BMW X5 – 2007 Review: At first look, the BMW X5 looks like pretty much any other crossover. When you sit in the driver’s seat, you’re surrounded by a combination of luxury and truckness. You feel the overall heft of the vehicle as you cruise down the street. But something peculiar happens when you take it onto a twisty mountain road: It does not drive anything like a big crossover. The 5 Series underpinnings haven’t been outweighed by the taller cabin and cargo space. Indeed, the X5 has both the power and the handling to make you think sport, not utility.
What We Drove
It’s a good thing that the X5 drives so well or else this one would be the Ultimate Option Machine. While the crossover starts at $55,225, including $775 destination charge, our test vehicle came with a whopping $22,195 – a MINI Cooper’s worth – of options. Among them were Active Ventilated Seats, Premium Package, Premium Sound, Rear Climate, Sport Package, Technology Package, third-row seats, Rear Seat Entertainment, Active Steering and Comfort Access System, which is BMW’s ultra-fancy remote control. Many of these packages included less-than critical items, but they also included features that made the X5 more comfortable and perform better.

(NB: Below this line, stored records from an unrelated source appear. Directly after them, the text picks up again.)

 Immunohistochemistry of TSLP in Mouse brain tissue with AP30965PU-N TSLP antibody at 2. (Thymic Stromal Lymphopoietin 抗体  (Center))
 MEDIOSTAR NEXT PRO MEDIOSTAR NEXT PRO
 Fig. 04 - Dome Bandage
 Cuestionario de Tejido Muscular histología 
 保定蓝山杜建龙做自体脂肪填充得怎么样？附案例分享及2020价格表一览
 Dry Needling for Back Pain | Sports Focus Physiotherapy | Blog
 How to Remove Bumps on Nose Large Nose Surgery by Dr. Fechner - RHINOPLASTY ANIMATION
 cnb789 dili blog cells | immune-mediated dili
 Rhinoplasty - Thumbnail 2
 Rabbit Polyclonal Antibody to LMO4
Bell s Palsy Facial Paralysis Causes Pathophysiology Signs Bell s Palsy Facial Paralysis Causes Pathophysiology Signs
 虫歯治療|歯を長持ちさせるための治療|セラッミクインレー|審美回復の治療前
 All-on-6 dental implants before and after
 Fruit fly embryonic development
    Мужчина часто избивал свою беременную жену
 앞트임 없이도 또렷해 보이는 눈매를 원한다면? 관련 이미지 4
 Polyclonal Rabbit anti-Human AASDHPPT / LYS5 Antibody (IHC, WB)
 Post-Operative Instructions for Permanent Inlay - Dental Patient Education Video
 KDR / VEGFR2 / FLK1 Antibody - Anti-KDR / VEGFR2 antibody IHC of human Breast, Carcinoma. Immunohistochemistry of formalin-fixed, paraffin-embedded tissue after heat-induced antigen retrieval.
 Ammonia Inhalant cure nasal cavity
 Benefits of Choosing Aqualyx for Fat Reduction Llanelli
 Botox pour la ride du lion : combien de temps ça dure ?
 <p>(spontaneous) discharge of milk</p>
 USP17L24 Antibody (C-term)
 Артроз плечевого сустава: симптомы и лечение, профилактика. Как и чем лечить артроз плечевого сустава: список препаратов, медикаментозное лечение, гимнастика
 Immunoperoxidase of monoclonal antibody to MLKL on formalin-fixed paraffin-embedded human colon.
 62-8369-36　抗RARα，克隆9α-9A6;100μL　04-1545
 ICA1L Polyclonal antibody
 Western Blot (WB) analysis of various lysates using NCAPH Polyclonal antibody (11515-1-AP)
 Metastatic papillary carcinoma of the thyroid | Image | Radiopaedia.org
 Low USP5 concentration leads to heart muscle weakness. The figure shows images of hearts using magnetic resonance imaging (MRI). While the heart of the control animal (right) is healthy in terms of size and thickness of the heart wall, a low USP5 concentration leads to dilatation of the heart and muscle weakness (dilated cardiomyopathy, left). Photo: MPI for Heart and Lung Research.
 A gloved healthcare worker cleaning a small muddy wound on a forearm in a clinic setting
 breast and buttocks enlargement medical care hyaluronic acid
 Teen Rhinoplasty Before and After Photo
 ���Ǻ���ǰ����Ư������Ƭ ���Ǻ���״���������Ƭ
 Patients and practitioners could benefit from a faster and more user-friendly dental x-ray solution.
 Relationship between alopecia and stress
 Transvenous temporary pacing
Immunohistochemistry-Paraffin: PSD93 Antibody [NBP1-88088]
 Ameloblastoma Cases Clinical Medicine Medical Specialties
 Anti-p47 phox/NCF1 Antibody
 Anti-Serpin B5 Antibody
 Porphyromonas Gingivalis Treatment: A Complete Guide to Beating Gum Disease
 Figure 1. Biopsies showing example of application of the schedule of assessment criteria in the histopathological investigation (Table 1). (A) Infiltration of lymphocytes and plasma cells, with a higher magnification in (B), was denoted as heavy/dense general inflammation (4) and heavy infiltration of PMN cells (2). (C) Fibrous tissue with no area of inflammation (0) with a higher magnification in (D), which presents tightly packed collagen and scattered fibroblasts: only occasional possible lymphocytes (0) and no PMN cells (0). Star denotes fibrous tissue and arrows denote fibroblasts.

BMW’s 4.8-liter V-8 accelerates well in full auto and even more aggressively in manual mode. The 350 horsepower and 350 lb.-ft. of torque made short work of passing other vehicles. The smooth power band and throaty sound make for an entertaining drive. The six-speed automatic has three modes: D, in which it does all the shifting; DS, which shifts at higher engine speeds; and M for manual shift, although it will automatically upshift when close to redline. Manual mode allowed for spirited driving on mountain roads, and DS mode kept the transmission from hunting on climbs.